Pages

Sunday, February 6, 2011

"Wholeness"

I found this exerpt from Kushner's book several years ago and copied it down. It has taken on new meaning for me in recent days. Perhaps it will help someone else this week too. 

"Wholeness"

from "How Good Do We Have to Be?"
by Harold S. Kushner

"There is a wholeness about the man or woman who has learned that he or she is strong enough to go through a tragedy and survive, the person who can lose someone through death, through divorce, through estrangement and still feel like a complete person and not just part of a broken couple. At that point, nothing can scare you. You have been through the worst and come through it whole.

There is a wholeness about the person who can give himself away, who can give his time, his money, his strength, to others and not feel diminished when he does so.
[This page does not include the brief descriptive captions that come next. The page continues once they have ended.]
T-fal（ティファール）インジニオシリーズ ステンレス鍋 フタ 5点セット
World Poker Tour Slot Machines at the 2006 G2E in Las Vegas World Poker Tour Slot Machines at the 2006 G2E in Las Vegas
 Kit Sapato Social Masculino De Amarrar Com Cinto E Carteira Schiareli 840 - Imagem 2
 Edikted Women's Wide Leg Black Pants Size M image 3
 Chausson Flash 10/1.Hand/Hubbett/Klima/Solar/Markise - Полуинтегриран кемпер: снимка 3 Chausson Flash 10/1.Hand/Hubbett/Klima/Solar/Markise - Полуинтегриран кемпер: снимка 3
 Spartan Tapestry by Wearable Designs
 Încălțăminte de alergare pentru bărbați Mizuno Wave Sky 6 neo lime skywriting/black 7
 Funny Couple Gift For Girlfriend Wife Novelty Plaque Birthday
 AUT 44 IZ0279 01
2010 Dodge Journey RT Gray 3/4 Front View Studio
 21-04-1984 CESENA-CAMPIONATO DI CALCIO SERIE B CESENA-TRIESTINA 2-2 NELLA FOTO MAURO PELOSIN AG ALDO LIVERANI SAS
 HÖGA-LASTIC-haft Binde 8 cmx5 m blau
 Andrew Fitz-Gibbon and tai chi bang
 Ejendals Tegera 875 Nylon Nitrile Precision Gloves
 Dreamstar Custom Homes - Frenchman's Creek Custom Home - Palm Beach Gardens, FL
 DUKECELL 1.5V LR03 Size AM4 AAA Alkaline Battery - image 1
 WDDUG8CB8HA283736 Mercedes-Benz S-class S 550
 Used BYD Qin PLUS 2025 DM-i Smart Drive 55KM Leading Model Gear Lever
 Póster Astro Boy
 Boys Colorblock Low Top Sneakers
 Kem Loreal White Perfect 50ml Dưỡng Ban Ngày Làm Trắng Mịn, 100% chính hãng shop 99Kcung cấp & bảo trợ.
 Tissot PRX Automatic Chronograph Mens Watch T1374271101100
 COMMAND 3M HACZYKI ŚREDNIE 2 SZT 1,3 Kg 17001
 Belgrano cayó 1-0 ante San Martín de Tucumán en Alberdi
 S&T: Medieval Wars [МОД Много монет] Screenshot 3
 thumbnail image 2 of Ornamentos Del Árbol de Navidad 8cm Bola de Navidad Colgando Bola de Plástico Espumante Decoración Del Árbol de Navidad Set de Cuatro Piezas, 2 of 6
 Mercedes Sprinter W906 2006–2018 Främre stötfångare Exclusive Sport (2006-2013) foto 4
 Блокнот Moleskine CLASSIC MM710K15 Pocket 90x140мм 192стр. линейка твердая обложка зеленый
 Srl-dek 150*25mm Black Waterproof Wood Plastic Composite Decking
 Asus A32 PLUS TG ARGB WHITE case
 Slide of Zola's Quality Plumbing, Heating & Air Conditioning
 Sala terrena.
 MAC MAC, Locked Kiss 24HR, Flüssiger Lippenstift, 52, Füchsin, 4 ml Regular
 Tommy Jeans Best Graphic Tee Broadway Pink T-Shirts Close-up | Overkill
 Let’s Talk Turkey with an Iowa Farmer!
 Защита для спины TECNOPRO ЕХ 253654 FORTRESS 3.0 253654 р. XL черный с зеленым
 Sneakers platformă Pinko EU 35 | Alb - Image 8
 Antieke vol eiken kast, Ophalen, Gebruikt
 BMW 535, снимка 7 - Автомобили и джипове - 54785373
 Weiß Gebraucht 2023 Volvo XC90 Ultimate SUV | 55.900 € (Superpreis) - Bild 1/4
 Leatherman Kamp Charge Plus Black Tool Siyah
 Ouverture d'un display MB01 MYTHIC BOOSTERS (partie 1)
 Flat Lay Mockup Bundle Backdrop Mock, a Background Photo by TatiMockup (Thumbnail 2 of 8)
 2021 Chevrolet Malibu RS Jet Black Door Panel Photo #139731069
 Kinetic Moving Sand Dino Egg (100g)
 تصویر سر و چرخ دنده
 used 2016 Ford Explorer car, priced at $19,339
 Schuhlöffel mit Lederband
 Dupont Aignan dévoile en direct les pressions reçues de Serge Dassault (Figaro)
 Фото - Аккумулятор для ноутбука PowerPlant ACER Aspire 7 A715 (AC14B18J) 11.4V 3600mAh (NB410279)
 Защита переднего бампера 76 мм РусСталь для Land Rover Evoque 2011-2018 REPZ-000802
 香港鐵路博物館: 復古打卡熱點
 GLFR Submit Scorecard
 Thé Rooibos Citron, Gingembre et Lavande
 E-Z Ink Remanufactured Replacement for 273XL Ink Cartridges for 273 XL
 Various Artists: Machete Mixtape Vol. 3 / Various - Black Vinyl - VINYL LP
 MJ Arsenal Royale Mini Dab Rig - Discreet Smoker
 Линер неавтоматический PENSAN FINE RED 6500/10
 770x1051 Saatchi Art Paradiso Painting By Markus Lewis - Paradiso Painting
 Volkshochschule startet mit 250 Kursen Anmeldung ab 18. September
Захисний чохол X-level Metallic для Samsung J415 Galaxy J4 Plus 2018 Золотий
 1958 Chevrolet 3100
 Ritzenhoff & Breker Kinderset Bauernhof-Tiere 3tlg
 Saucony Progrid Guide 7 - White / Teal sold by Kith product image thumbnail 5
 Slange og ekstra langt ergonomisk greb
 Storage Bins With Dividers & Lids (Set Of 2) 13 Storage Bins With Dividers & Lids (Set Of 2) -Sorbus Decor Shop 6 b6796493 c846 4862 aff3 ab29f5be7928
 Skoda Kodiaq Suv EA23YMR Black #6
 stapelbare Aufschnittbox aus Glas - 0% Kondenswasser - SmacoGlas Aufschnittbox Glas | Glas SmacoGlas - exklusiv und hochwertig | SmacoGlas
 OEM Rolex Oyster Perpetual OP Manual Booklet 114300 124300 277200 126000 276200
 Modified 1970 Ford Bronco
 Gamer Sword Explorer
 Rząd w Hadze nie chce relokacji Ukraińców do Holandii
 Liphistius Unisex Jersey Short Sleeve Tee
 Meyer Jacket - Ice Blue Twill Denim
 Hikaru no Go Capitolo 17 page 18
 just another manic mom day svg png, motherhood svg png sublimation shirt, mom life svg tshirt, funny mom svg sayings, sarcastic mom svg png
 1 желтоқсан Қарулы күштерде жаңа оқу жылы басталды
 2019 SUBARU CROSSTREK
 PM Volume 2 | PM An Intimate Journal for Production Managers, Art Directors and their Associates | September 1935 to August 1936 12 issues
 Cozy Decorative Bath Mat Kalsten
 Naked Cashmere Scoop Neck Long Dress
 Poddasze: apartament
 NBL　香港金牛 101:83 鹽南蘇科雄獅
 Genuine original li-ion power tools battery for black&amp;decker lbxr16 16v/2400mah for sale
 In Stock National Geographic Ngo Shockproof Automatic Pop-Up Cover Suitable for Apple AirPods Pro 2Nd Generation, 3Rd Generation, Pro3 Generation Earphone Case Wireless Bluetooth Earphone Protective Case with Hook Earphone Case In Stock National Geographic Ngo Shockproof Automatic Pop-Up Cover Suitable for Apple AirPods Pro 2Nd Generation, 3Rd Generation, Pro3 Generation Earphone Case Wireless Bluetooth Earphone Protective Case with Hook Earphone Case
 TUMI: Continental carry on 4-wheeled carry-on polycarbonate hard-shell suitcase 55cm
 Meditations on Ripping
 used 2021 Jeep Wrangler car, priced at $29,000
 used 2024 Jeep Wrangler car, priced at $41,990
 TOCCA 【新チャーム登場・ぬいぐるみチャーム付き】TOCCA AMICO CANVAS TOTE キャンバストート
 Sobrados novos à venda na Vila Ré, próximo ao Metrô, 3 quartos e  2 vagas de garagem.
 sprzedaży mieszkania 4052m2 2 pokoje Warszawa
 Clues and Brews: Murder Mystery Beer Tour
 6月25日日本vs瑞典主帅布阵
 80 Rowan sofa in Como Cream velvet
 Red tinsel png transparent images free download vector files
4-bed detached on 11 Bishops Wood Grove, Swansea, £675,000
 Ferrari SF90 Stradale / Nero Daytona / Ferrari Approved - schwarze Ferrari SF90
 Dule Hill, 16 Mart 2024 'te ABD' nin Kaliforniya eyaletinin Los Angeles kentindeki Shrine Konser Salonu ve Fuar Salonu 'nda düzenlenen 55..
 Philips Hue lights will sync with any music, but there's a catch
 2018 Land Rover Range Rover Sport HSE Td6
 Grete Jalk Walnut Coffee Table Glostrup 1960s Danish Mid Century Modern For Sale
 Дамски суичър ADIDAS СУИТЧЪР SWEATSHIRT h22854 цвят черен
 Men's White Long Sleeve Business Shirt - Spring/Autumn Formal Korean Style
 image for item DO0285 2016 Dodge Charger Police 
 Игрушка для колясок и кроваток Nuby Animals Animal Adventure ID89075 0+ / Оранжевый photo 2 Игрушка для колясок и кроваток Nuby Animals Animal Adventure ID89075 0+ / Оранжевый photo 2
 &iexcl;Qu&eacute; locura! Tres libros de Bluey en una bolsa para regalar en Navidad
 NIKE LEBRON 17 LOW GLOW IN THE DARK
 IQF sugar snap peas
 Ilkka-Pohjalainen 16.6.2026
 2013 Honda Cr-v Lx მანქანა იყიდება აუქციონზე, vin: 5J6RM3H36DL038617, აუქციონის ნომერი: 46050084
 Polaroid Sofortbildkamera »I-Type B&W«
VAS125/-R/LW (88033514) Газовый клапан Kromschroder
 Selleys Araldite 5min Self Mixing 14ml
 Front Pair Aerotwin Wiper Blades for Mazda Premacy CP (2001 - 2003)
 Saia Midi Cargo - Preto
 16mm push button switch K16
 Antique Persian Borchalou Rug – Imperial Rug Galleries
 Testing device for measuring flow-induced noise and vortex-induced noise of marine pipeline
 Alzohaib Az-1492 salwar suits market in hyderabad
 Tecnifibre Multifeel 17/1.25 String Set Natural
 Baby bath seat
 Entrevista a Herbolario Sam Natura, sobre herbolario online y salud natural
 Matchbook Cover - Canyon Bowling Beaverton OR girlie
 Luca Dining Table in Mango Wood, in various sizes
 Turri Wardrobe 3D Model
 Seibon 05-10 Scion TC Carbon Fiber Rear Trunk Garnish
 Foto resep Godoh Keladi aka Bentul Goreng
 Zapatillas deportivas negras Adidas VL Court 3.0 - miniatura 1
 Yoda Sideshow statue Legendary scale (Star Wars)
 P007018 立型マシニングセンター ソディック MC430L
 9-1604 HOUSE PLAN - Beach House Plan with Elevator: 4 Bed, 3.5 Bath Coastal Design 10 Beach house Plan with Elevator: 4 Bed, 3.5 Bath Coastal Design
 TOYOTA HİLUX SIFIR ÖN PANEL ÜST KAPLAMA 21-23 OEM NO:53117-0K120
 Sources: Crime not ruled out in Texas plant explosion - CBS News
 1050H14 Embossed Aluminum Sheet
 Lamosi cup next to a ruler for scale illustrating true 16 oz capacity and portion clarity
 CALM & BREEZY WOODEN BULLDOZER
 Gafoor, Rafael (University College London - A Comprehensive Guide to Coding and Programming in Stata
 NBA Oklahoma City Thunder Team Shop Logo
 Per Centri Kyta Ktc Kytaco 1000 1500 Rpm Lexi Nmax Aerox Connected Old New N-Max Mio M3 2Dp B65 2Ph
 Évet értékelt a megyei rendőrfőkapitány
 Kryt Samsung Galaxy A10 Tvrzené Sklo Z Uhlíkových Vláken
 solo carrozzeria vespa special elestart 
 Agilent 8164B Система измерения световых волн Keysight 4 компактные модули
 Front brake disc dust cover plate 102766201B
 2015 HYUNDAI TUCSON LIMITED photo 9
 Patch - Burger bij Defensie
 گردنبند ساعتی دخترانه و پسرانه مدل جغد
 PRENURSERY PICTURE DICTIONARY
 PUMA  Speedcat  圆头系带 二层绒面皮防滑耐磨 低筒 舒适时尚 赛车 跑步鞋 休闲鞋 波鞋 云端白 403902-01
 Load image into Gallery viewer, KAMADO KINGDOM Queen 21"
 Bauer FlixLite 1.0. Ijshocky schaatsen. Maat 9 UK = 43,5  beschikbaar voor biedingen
There is a wholeness about the person who has come to terms with his limitations, who knows who he is and what he can and cannot do, the person who has been brave enough to let go of his unrealistic dreams and not feel like a failure for doing so.

When we have lost part of ourselves and can continue rolling through life and appreciating it, we will have achieved a wholeness that others can only aspire to.

That, I believe, was what God asked of Abraham. Not "Be perfect," not "Don't ever make a mistake," but "Be whole." To be whole before God means to stand before Him with all of our faults as well as all of our virtues, and to hear the message of our acceptability. To be whole means to rise above the fear that we will be rejected for not being perfect. And it means having the integrity not to let the inevitable moments of weakness and selfishness become permanent parts of our character.  Know what is good and what is evil, and when you do wrong, realize that that was not the essential you. It was because the challenge of being human is so great that no one gets it right every time.  God ask no more of us than that.